■ **Exercise aim**:
From the line containing "Colouring wall with" to the line containing "Thermometer showing high" in the entries below, reproduce every line exactly, ends included. Nothing else belongs in the copy, and no pictures.

■ **Records**:

□ □ □ □ □

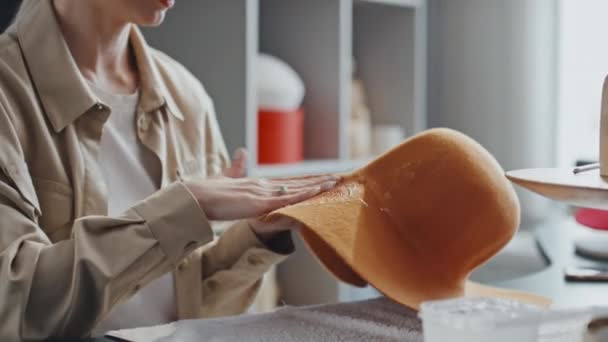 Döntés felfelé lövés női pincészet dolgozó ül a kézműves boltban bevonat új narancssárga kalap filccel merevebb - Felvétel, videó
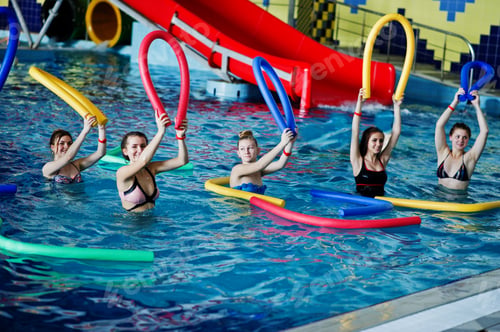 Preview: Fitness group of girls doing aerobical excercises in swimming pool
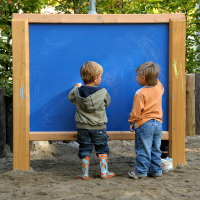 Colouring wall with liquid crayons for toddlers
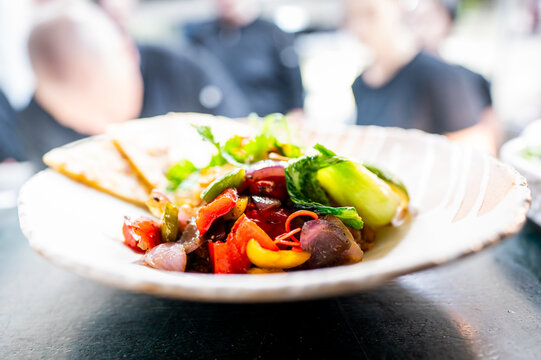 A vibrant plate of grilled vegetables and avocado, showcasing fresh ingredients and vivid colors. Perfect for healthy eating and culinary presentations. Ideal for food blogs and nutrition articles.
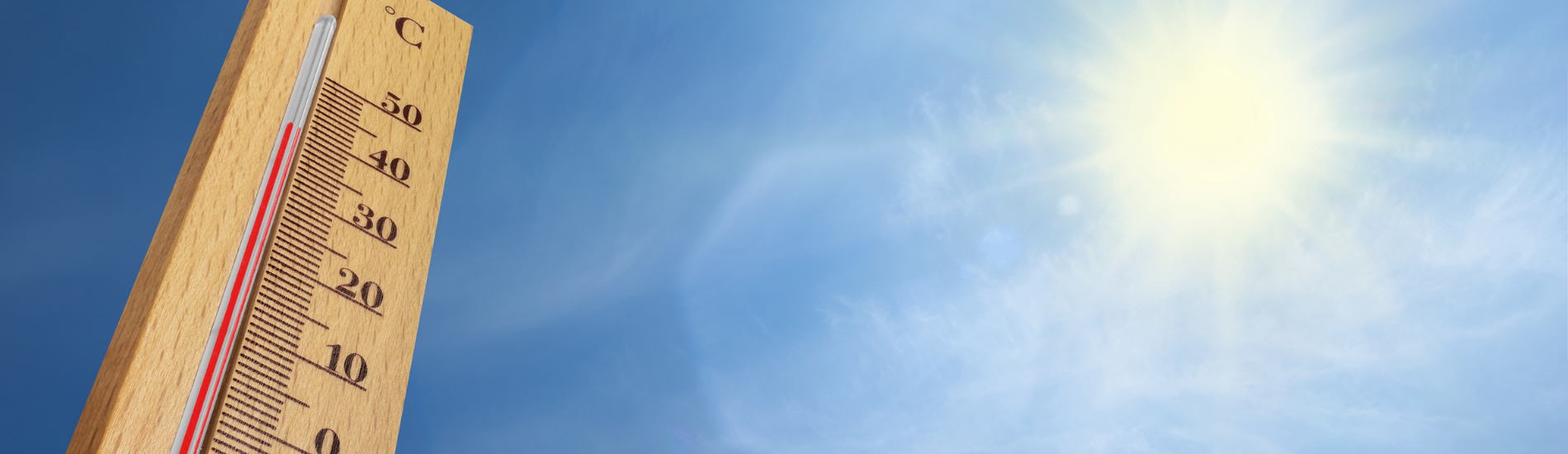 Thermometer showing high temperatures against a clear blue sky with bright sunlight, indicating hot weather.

□ □ □ □ □

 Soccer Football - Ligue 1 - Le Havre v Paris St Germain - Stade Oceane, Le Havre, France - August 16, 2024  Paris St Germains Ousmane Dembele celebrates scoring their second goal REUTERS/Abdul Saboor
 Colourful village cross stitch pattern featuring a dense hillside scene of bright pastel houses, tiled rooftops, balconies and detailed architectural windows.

□ □ □ □ □

■ **Task result**:
 Colouring wall with liquid crayons for toddlers
 A vibrant plate of grilled vegetables and avocado, showcasing fresh ingredients and vivid colors. Perfect for healthy eating and culinary presentations. Ideal for food blogs and nutrition articles.
 Thermometer showing high temperatures against a clear blue sky with bright sunlight, indicating hot weather.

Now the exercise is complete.